Based on the book by Marshall Brickman and Rick Elice, the musical adaptation of Jersey Boys brings to life the story of Frankie Valli and The Four Seasons on the stage of Manchester’s Opera House. Direction from Des McAnuff, with choreography by Sergio Trujillo, and composer (and original member of the Four Seasons) Bob Gaudio produces a quirky but hilarious dramatized retelling of what may be an unfamiliar story for many UK audiences.
Four guys from the streets of New Jersey are trying to make a name for themselves in the music industry.
Between stints in jail, scams, and playing in The Silhouettes Club, these enthusiastic lads just cannot catch a break.
Each member of the band takes a turn at narrating the journey of their way to the top – but not everyone remembers it the same way. Each character’s narration provides a useful insight into the different personalities of each man.
Tommy DeVito (Dalton Wood) introduces us first, playing the role of the gangster who always gets what he wants. Initially a third of the trio that later becomes The Four Seasons, he and his two other bandmates are never out of jail long enough to actually play together.
Tommy stands by the fact that there would be no Four Seasons without him, and that he makes all the decisions that leads them to the point of success. Bob Gaudio (Blair Gibson) on the other hand is a vital part in writing and producing many of their smash hits, and so firmly believes his role to be most crucial.
While Frankie Valli (Michael Pickering/Ryan Heenan) remarks that he is the leading man with the strongest voice that defines the sound of Frankie Valli and the Four Seasons. Nick Massi (Christopher Short) makes a lesser claim; simply the band needs four members and he is along for the ride, and referring to himself as ‘the Ringo Starr of the group’.
On this touring production of Jersey Boys, Frankie Valli is portrayed by Michael Pickering, and at certain shows, Ryan Heenan. You are in for a real treat if you attend one of Heenan’s performances.
His voice is extraordinarily balanced between his full voice and his falsetto which pays wonderful homage to the real Frankie Valli and perfectly attributes him into that role.
His performance of Can’t Take My Eyes Off You is nothing short of phenomenal and a real crowd pleaser.
Wood is a convincing, intimidating ganger as Tommy, but he also allows us to see two sides of him – one side where he is controlling, violent, and another where he is seemingly more uncertain and unsure.
We hear more of Heenan’s and Wood’s voice than we do the other two, because at one time or another they were both the leading man, while Gibson and Short provide the wonderful harmonies and back up that are a key part of the Four Seasons sound, as well as playing keyboard and base, respectively.
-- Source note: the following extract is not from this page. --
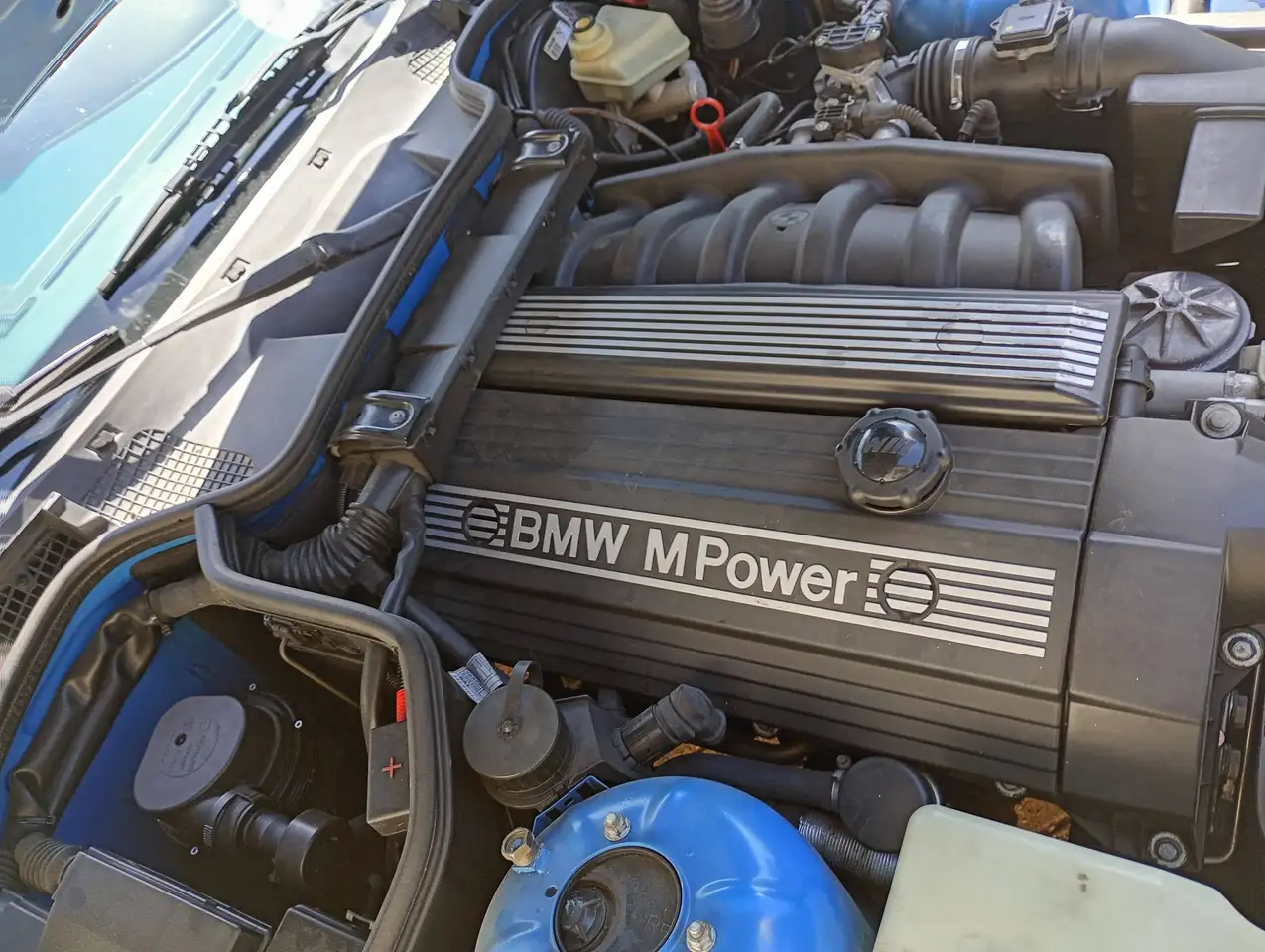 BMW Z3 M Z3 Roadster 3.2 325cv, foto 7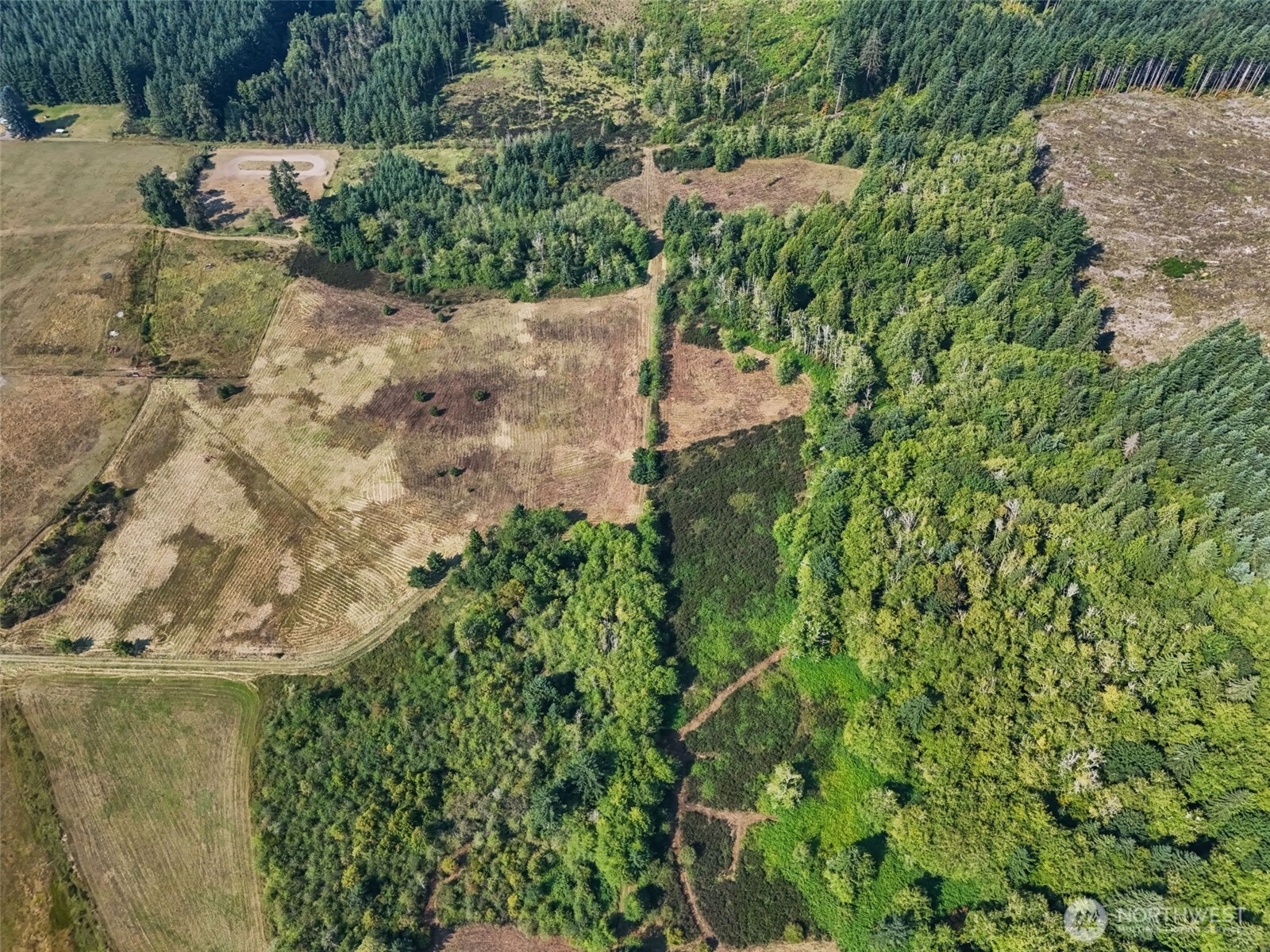 Onalaska, Washington, 98570, United States, ,Land,For Sale,1994245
The stage set is relatively simple, with two spiralling staircases which lead to a walkway across the top of the stage. This is a very functional set, allowing space for the ever-changing pieces of set that roll in and out at various points, creating atmospheres of jail; the Silhouettes Cub; tv studio; recording studio; and a bowling alley (where bowling balls are rolled across the stage floor!) as well as living rooms, car interiors, and many more.
Above the walk way is a screen that adds more context to whatever setting is occurring on stage, whether it be the name of the club, or a stylised backdrop of the location.
A particularly smart touch is the imitation of television broadcasting, where television cameras are rolled out to stream the live footage from stage on to the projection for audiences to watch; much like as if they are at home watching it on a black and white TV, dispersed with genuine older footage from the late 1950s and 1960s television studio audience.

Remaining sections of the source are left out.